#Wie Insekten über den Winter kommen
„Wie Insekten über den Winter kommen“
Als die Biene Maja und ihr Freund Willi eines Tages aufwachen und sich wie gelähmt fühlen, geraten sie in helle Aufregung. „Wieso kann ich plötzlich weder Arme noch Beine bewegen?“, fragt Maja. Die Antwort bekommt sie von einem Totengräber. Der Käfer heißt so, weil er mit dem Aas verstorbener Organismen seinen Nachwuchs ernährt. Er sagt: „Die Körpertemperatur von uns Insekten richtet sich nach der Außentemperatur. Das heißt, wenn es draußen kalt wird, werden auch unsere Körper kälter.
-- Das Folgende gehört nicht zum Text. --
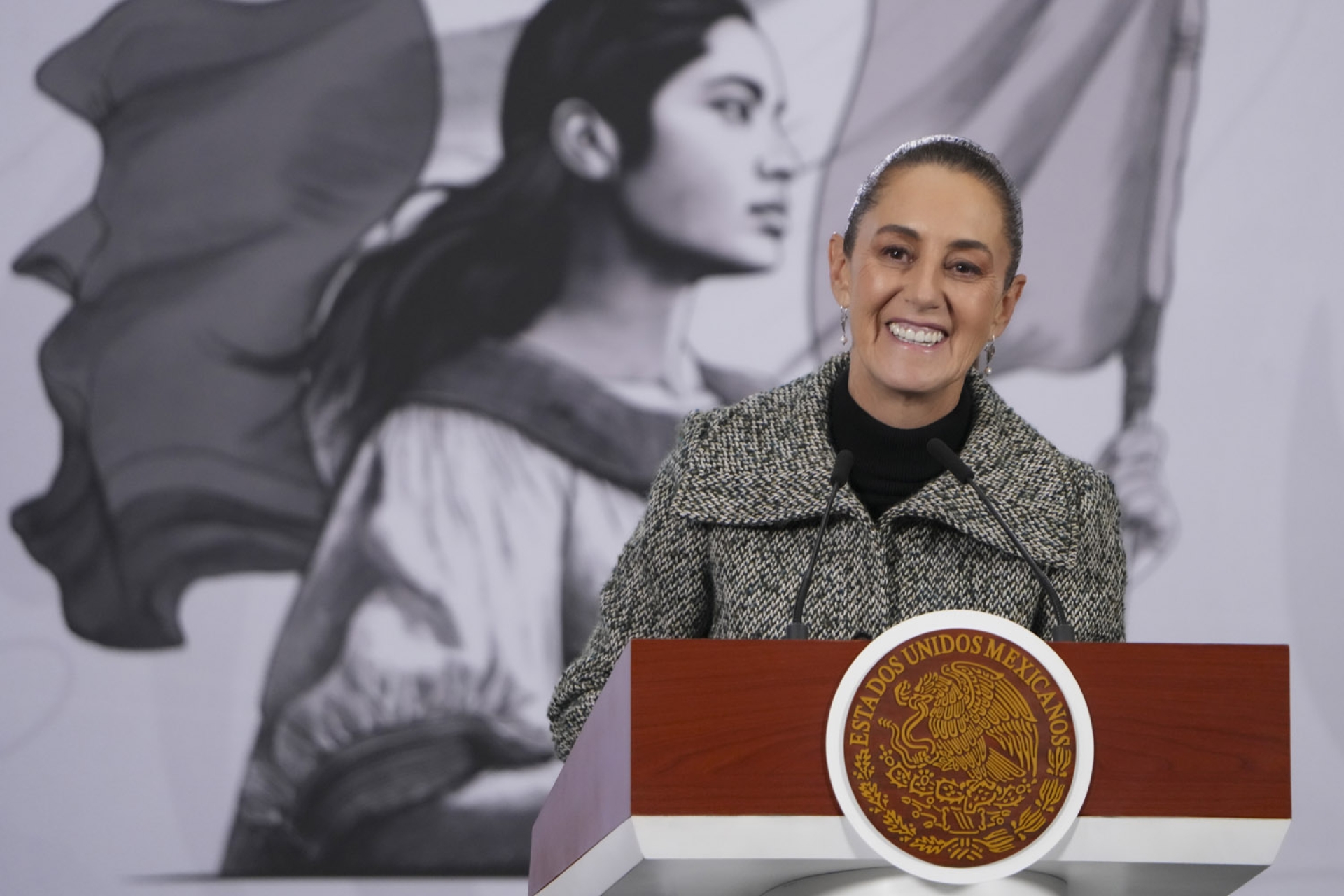 Sheinbaum rechaza criminalización de migrantes: 'La gente no migra por gusto'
Tja, und weil heute so ’ne Hundekälte ist, sind eure Arme und Beine steif.“ In der Wissenschaft gibt es einen Fachbegriff für solche Tiere – man nennt sie wechselwarm. Das verschweigt der Totengräber. Lieber versichert er, dass man so schnell nun auch wieder nicht ums Leben komme, da müsse es noch viel kälter werden.
Daran sieht man, dass der Käfer zwar ganz gut informiert, aber eben kein waschechter Forscher wie Jürgen Tautz ist. Der nämlich hat als Professor an der Universität Würzburg gearbeitet und weiß alles über Bienen. Zum Beispiel dies: „Setzt man eine einzelne Biene in ein Gefäß, das man langsam herunterkühlt, wird sie ab zehn Grad bewegungsunfähig. Kühlt man weiter, stirbt sie bei vier Grad.“ So niedrig, wie der Totengräber uns weismachen will, muss die Temperatur also nicht sein, um für Maja und Willi gefährlich zu werden. Bienen sind allerdings nicht dumm, na ja, Willi vielleicht schon ein bisschen. Jedenfalls tun sie sich im Winter gerne zusammen, um ein lebensrettendes Verhalten an den Tag zu legen: Power-Kuscheln. So überstehen sie selbst die eisigsten Nächte.
Kuscheln oder Wegfliegen?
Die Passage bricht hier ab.